In countries outside America, some publications were resisting Photoshop as early as 2009. Photographer Peter Lindbergh made a splash when he photographed celebrities such as Monica Bellucci, Eva Herzigova, and Sophie Marceau without retouching or even makeup, for French Elle (Wilson 2009). But France isn’t the only country who has taken a stand against the age of extreme digital retouching. According to journalist Kerry Donovan, Photoshop is seen as such an issue that some countries are even attempting to take legal action. Indeed, “International politicians and lobbyists, from Brazil to England, are united in their belief that some sort of warning label system on these images is necessary” (Donovan 592). But despite all the backlash against Photoshop, we should consider that it isn’t always in the magazine industry’s hands. While of course there have been instances of magazines using Photoshop to an extreme level, and even instances of magazines using Photoshop against the wishes of celebrities and models, sometimes, it’s the celebrity or the celebrity’s publicists who insist on Photoshop. “As several editors said privately,” explains Eric Wilson in an article for The Times, “Celebrities’ publicists almost always demand retouching of wrinkles and visible cellulite. As a result, a celebrity can look different from one magazine to the next.”

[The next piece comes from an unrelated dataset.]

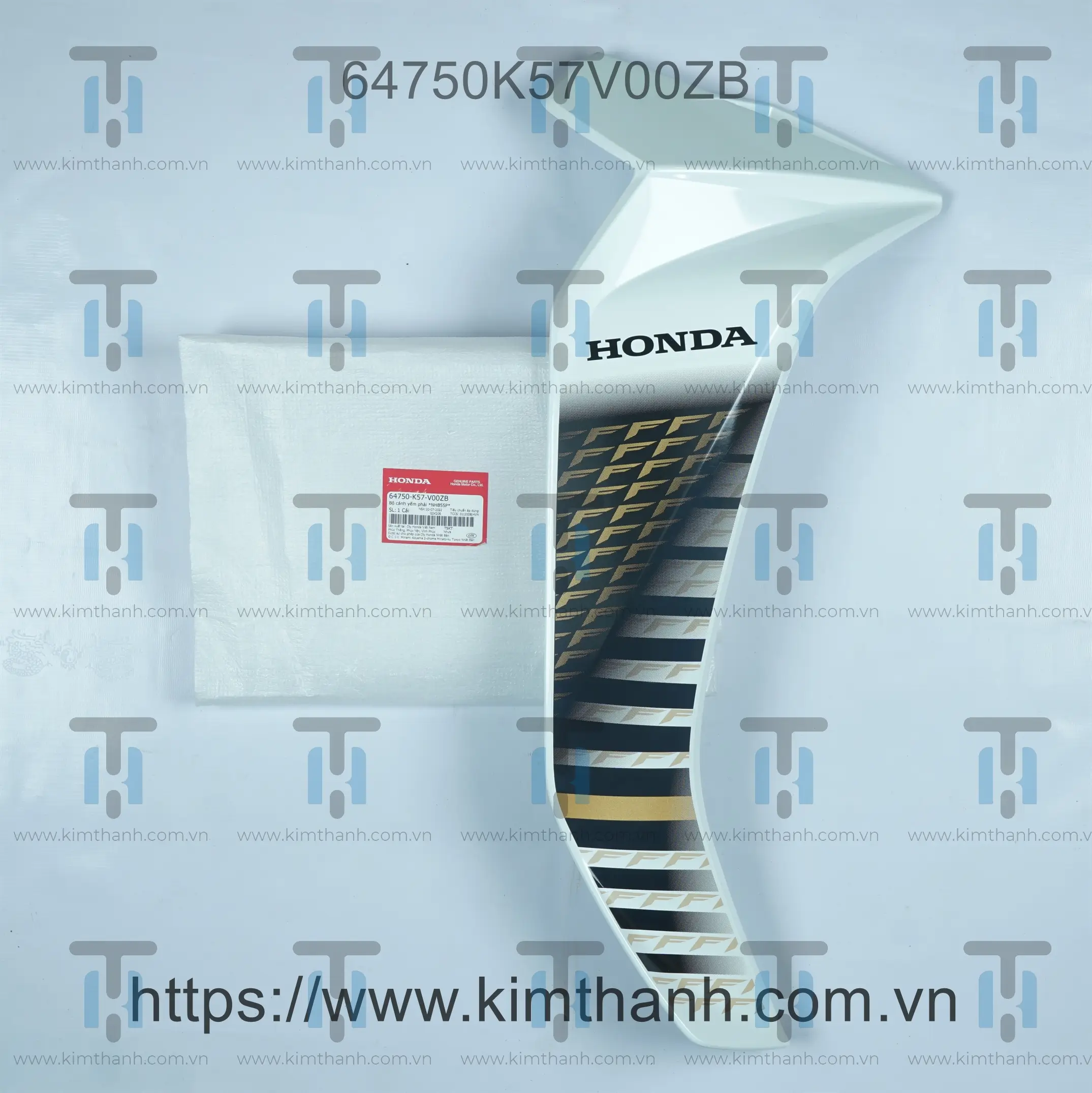 Bững ngoài trắng phải tem đồng Wave Blade 2014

With that in mind, perhaps we should stop viewing journalists as the sole perpetrators of Photoshop in the fashion industry. With all of the negative influences Photoshop has on our society’s youth—eating disorders, low self-esteem—it should be an obvious step to stop using it, rather than simply dismissing it as an unchangeable aspect of the fashion industry. But maybe before the fashion magazine industry can make this huge step, celebrities and models, all of them, will have to show their support of such a movement—a movement that shows their flaws to the public instead of hiding them behind digitalized perfection. Make no mistake; successfully implementing a new norm for the magazine industry, in which all photos are un-retouched, could bring back a fundamental aspect of photography that has been missing since Photoshop launched back in 1990—that is, the truth.